One of our locations in northern Afghanistan has really taken to it. After 3-4 months of Free to Run practices, the local women started coming out whenever they saw the team running. They told our Program Officer that they had watched the girls running for months, and finally their husbands/fathers/brothers had agreed to let them outside to join once they saw it was safe and nothing happened to the girls who were running.

WHAT EFFECT HAS THE RUNNING HAD ON THE REST OF THE ATHLETE’S LIVES?
The increase in confidence is a huge and visible difference I’ve seen. Our participants report being happier after practice, and that it has made them feel better in other aspects of their lives as well.

They’ve also learned leadership skills through attending the practices.
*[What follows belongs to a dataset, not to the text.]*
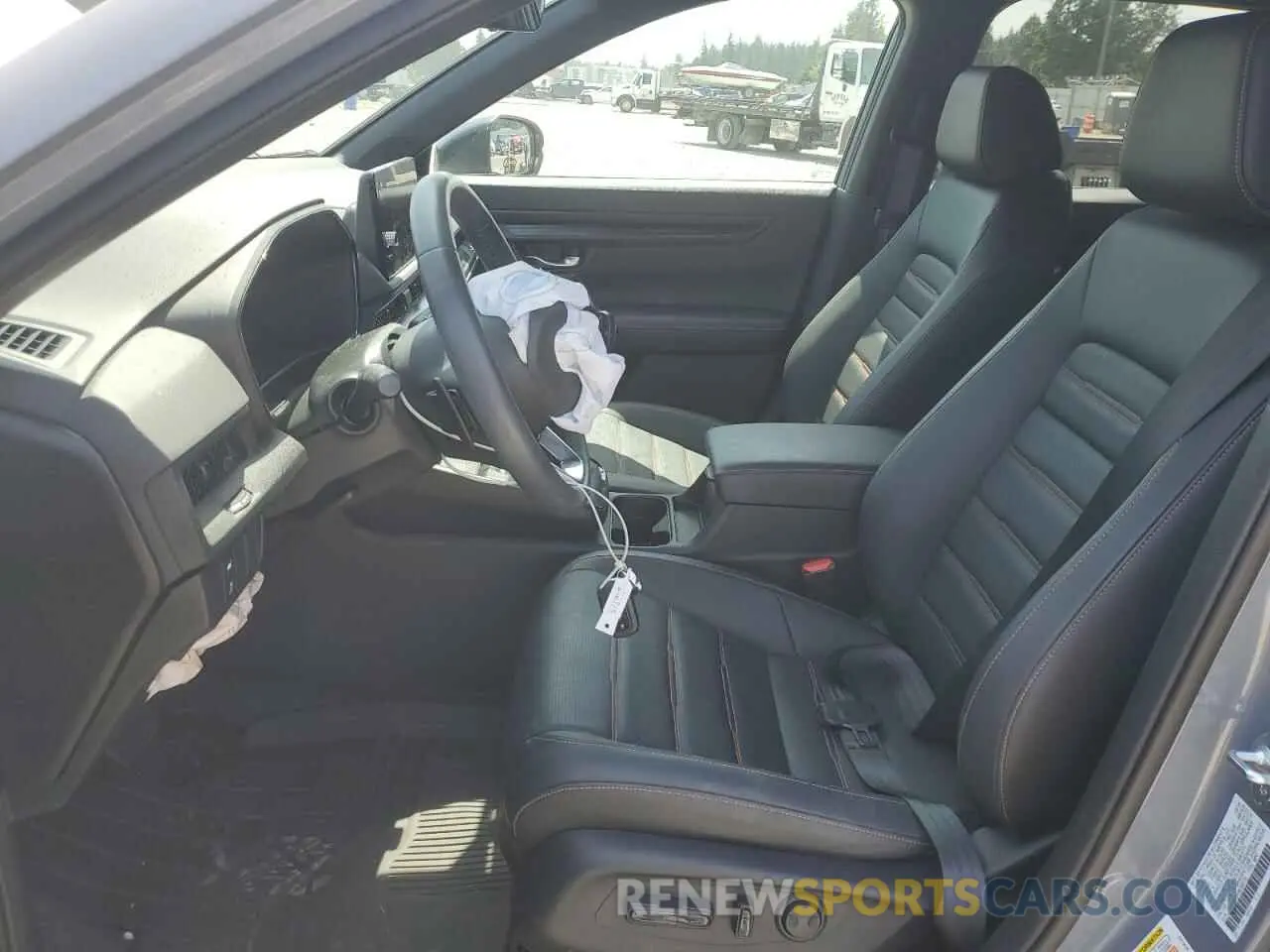 7 fotografías del automóvil dañado 7FARS6H8XRE068176 HONDA CRV 2024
We incorporate volunteer projects and leadership workshops as mandatory to be members of the team, and I’ve had the immense pleasure of watching them share their experiences running with other women. It’s encouraged a lot of our volunteer partners’ beneficiaries to ask to join the teams themselves.

RUNNERS THESE DAYS ARE INTO ALL THE LATEST GADGETS AND NUTRITION, GPS WATCHES, GELS, FANCY RUNNING SHOES, I IMAGINE THERE AREN’T ANY LOCAL RUNNING STORES IN AFGHANISATN TO BUY THESE, SO HOW HAS THE GROUP MADE DO?
We organized a shoe drive during my last trip home to the States, so I was luckily able to bring back decent, lightly used running shoes for them to run in.

Nutrition is definitely the harder one- the diet here is mainly bread, rice, beans, and meat. Getting them to eat vegetables and fruit has been an uphill battle, because for many of them it is just too expensive to buy.

Tracking the distance has also been difficult. I measured a lap in each of our locations myself, and the teams would simply add up how many laps they did each practice and log it in their runner journals for our regional program officers to convert into semi-accurate distances.